** What you are asked to do **
Without the pictures, give the records again exactly as they appear.

** Data records **
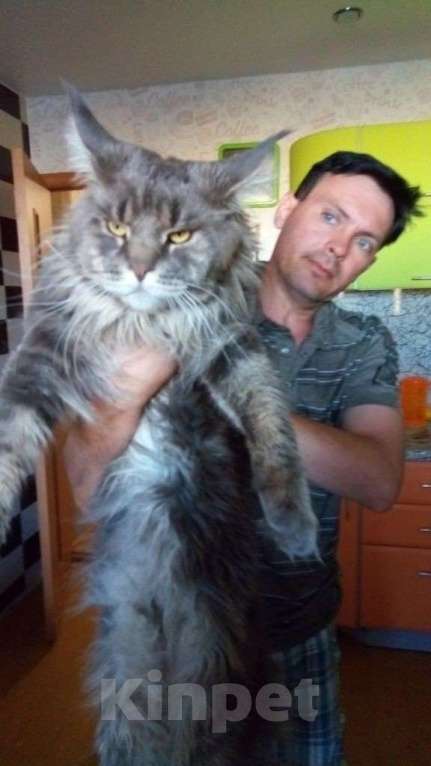 Кошки в Москве: Котята Мейн  кун мальчики  Мальчик, 65 000 руб. - фото 10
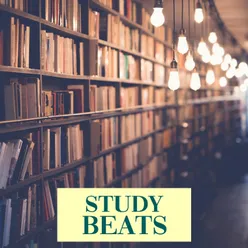 Study Beats, Vol. 1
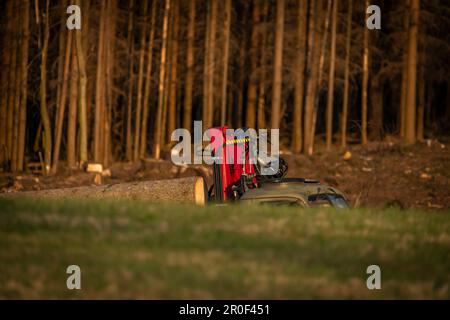 Ein alter tschechischer Lastwagen in der Nähe des Waldes am Frühlingsabend in den Krkonose-Bergen Stockfoto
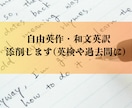 自由英作文・和文英訳の添削します 添削を通して英語力向上させましょう イメージ1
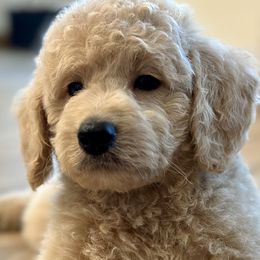 Boy 3 - Cream Goldendoodle puppy in Blanchard, Oklahoma from I Dream of Doodles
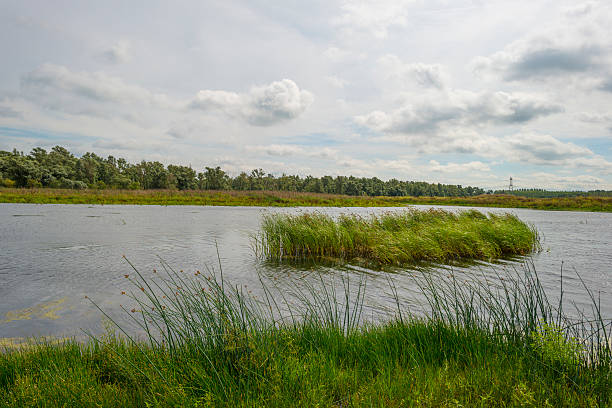 istock Reed along a lake waving in the wind 486984544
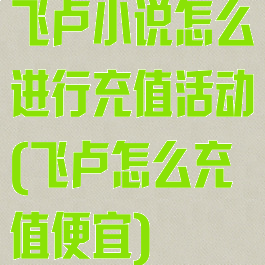 飞卢小说怎么进行充值活动(飞卢怎么充值便宜)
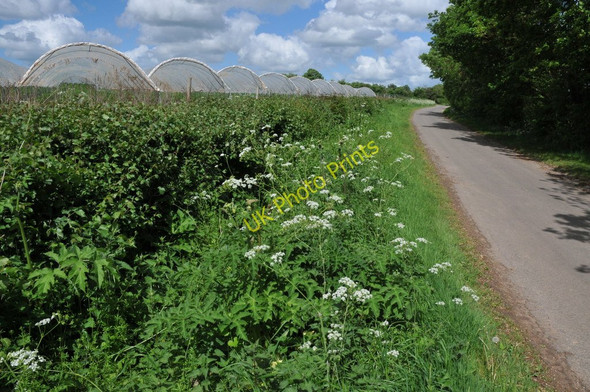 Photo 6"x4" Polytunnels at Wood Bevington Weethley Bank c2011
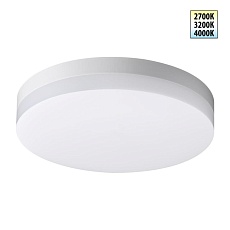 Уличный потолочный светильник Novotech Opal Street 359727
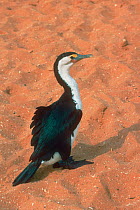 Pied cormorant {Phalacrocorax varius} viewed from above on a sandy beach, Shark Bay, Western Australia.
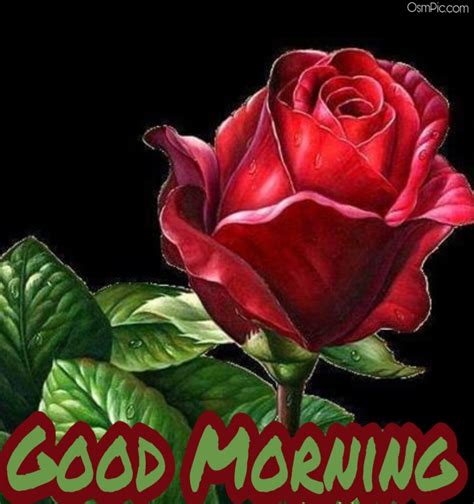 To the flowers smell sweeter nd the sky seems to be more blue, as soon as i see u!!!! 55 Good Morning Rose Flowers Images Pictures With Romantic ...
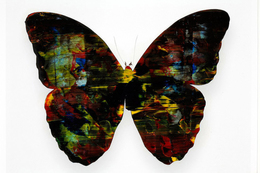 Stan Gaz, ‘Butterfly 4’, 2010, ClampArt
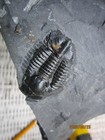 500 Million Year Old  Asaphiscus Wheeleri Trilobite Fossil Matrix Cambrian Utah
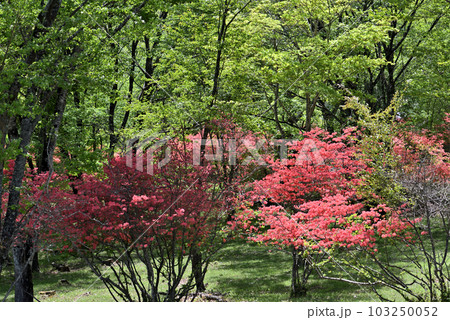 矢板市八方ヶ原のヤマツツジ 103250052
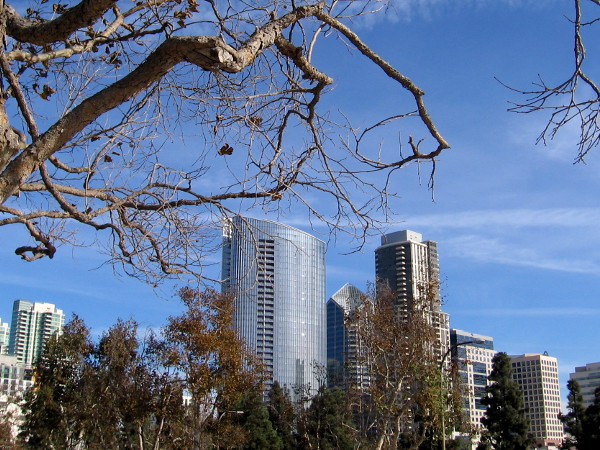 A few dead leaves cling to branches that frame a new skyscraper in downtown San Diego.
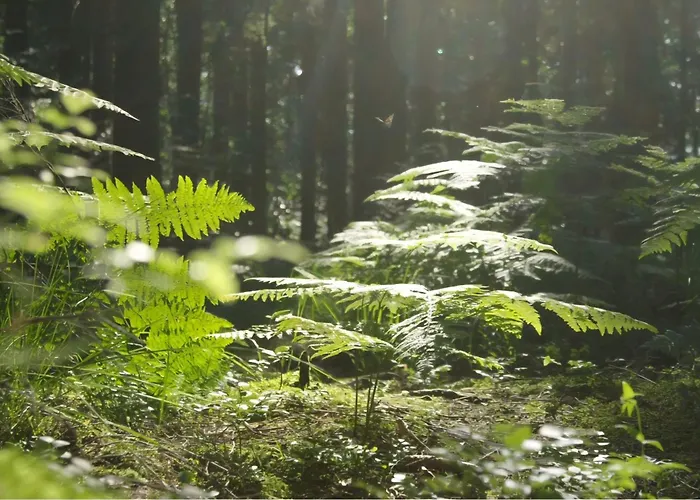Logeerderij Het Landleven Met Jacuzzi En Sauna Achterhoek Semesterbostad Vragender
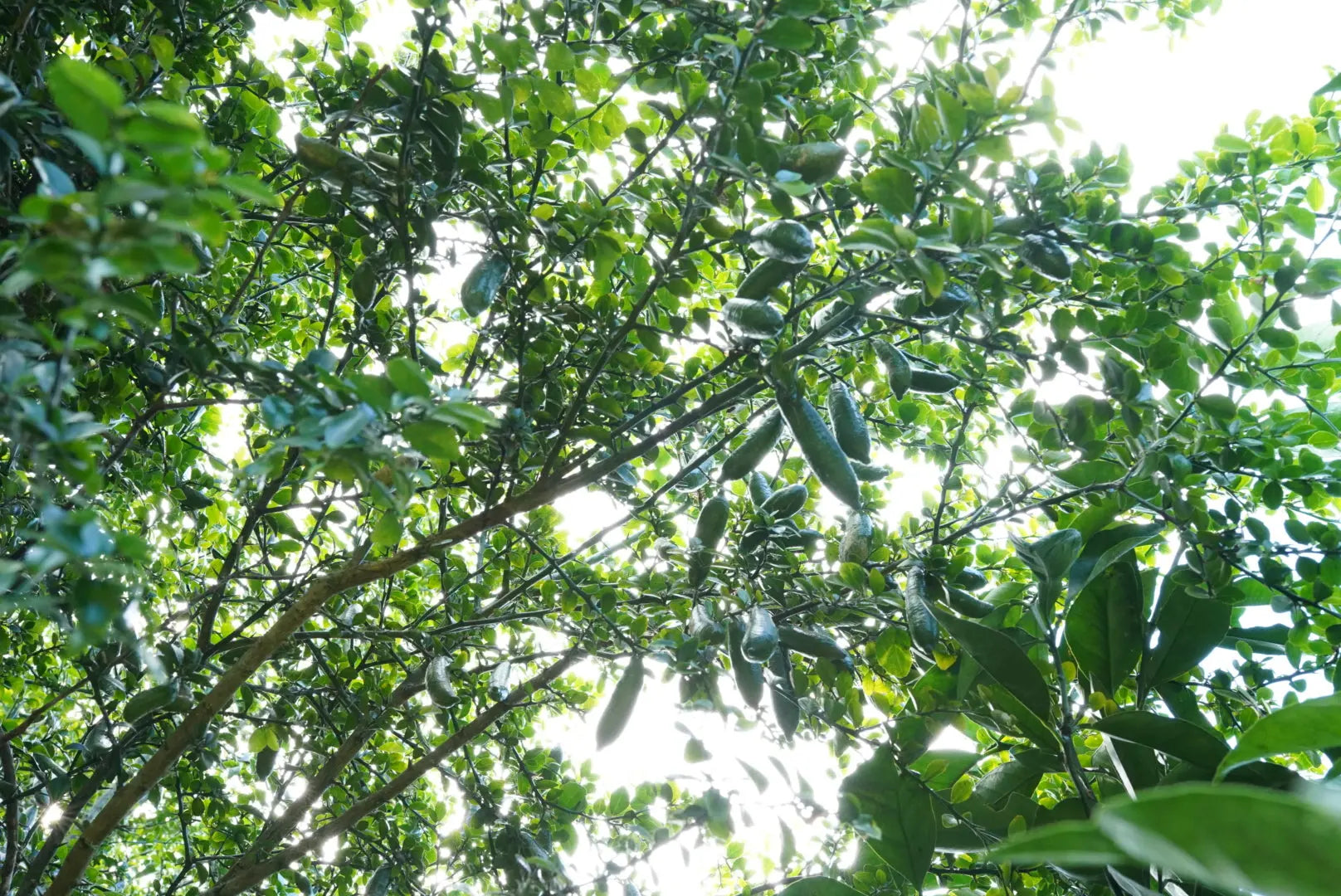 Finger Lime - Green - Grafted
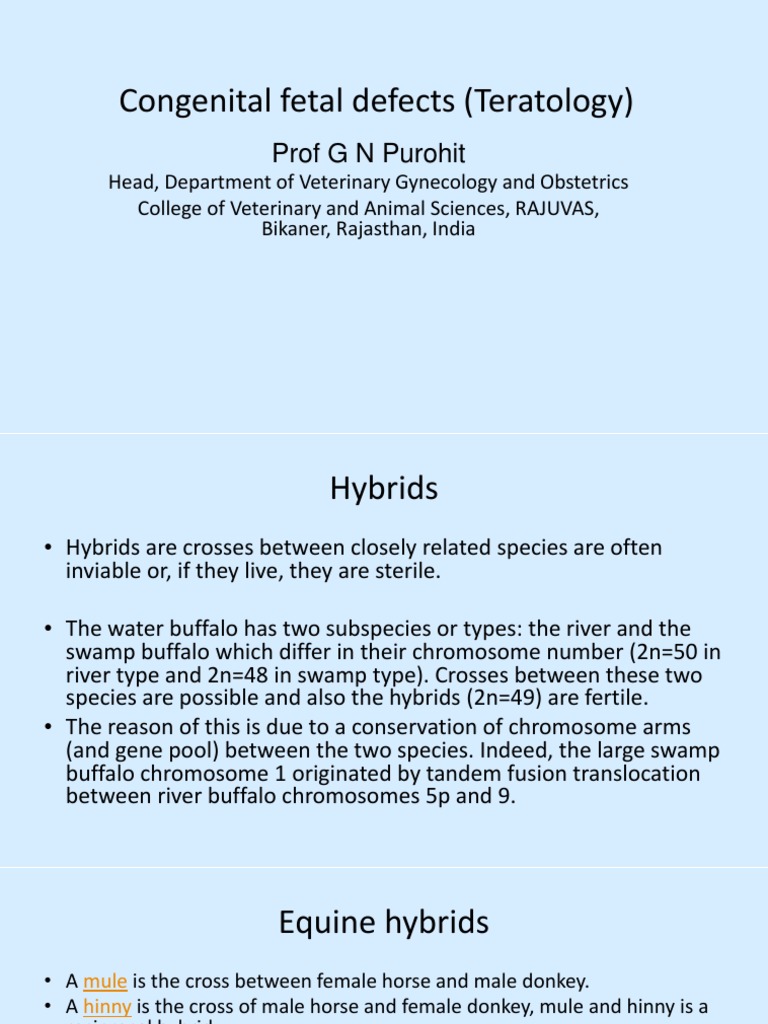 Congenital Defects in Animal Hybrids | PDF | Organisms | Genetics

** Result below **
 Кошки в Москве: Котята Мейн  кун мальчики  Мальчик, 65 000 руб. - фото 10
 Study Beats, Vol. 1
 Ein alter tschechischer Lastwagen in der Nähe des Waldes am Frühlingsabend in den Krkonose-Bergen Stockfoto
 自由英作文・和文英訳の添削します 添削を通して英語力向上させましょう イメージ1
 Boy 3 - Cream Goldendoodle puppy in Blanchard, Oklahoma from I Dream of Doodles
 istock Reed along a lake waving in the wind 486984544
 飞卢小说怎么进行充值活动(飞卢怎么充值便宜)
 Photo 6"x4" Polytunnels at Wood Bevington Weethley Bank c2011
 Уличный потолочный светильник Novotech Opal Street 359727
 Pied cormorant {Phalacrocorax varius} viewed from above on a sandy beach, Shark Bay, Western Australia.
 To the flowers smell sweeter nd the sky seems to be more blue, as soon as i see u!!!! 55 Good Morning Rose Flowers Images Pictures With Romantic ...
 Stan Gaz, ‘Butterfly 4’, 2010, ClampArt
 500 Million Year Old  Asaphiscus Wheeleri Trilobite Fossil Matrix Cambrian Utah
 矢板市八方ヶ原のヤマツツジ 103250052
 A few dead leaves cling to branches that frame a new skyscraper in downtown San Diego.
Logeerderij Het Landleven Met Jacuzzi En Sauna Achterhoek Semesterbostad Vragender
 Finger Lime - Green - Grafted
 Congenital Defects in Animal Hybrids | PDF | Organisms | Genetics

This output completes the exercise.